[Supplied entries]
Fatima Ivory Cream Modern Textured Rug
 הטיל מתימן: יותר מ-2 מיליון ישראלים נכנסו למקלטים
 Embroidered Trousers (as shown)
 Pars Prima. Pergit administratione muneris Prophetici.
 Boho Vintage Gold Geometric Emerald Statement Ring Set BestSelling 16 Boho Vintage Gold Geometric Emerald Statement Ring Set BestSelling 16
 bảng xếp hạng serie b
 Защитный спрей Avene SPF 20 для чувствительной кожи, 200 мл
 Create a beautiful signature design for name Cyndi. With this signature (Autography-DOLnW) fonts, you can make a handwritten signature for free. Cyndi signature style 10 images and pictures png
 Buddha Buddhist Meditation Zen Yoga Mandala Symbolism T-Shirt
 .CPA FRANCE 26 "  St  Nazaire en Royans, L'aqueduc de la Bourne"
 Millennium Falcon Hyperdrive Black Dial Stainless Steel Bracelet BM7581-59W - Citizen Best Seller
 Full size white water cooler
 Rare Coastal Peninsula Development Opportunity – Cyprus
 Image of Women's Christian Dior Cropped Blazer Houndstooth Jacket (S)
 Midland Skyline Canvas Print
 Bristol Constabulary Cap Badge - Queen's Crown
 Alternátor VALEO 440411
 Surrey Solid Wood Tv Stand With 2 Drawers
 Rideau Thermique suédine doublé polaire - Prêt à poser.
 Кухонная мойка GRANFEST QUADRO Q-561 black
[/Supplied entries]
▸ **Instructions for the task**: Given the records above, restate word for word only the lines starting at the one with "Embroidered Trousers (as shown)" and ending at the one with "Buddha Buddhist Meditation".

▸ **Written response**:
 Embroidered Trousers (as shown)
 Pars Prima. Pergit administratione muneris Prophetici.
 Boho Vintage Gold Geometric Emerald Statement Ring Set BestSelling 16 Boho Vintage Gold Geometric Emerald Statement Ring Set BestSelling 16
 bảng xếp hạng serie b
 Защитный спрей Avene SPF 20 для чувствительной кожи, 200 мл
 Create a beautiful signature design for name Cyndi. With this signature (Autography-DOLnW) fonts, you can make a handwritten signature for free. Cyndi signature style 10 images and pictures png
 Buddha Buddhist Meditation Zen Yoga Mandala Symbolism T-Shirt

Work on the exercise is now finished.